A few drivers stopped their cars and were on the scene perhaps seeing the man on the road. But no one is sure why he was walking at that hour or which vehicles struck him. The police are not calling this a hit and run, but do believe it is possible that he was hit by more than one driver.
Sometimes we forget when we are pedestrians, that drivers might not be able to see us in the dark. Have you ever walked across the street at night and realized that you are wearing only dark clothing and might not be seen by drivers? If you know you will be walking in the dark hours, it is very important to wear something that will be visible when drivers are passing you.

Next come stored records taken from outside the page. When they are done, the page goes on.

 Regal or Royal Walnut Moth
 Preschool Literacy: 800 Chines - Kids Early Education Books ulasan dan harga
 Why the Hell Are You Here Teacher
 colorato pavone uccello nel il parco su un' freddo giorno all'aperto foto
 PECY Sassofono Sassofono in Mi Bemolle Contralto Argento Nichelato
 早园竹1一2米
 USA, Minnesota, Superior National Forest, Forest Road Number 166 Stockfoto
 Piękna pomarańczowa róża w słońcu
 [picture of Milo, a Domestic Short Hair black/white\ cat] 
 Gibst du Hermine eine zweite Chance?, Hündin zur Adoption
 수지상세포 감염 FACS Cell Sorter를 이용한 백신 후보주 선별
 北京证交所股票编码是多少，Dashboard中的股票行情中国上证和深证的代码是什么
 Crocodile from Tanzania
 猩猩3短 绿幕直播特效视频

Remember also that in Georgia our laws, specifically Official Code of Georgia Annotated section 40-6-91, require that drivers stop and remain stopped for pedestrians to cross a roadway when they are within a crosswalk. The law provides that when the pedestrian is on “the half of the roadway upon which the vehicle is traveling, or when the pedestrian is approaching and is within one lane of the half of the roadway on which the vehicle is traveling or onto which it is turning, drivers must stop for the pedestrian. “Half of the roadway” means all traffic lanes carrying traffic in one direction of travel. This means that drivers are not permitted to drive around a person who is in a crosswalk. Yielding is not permitted, drivers must stop.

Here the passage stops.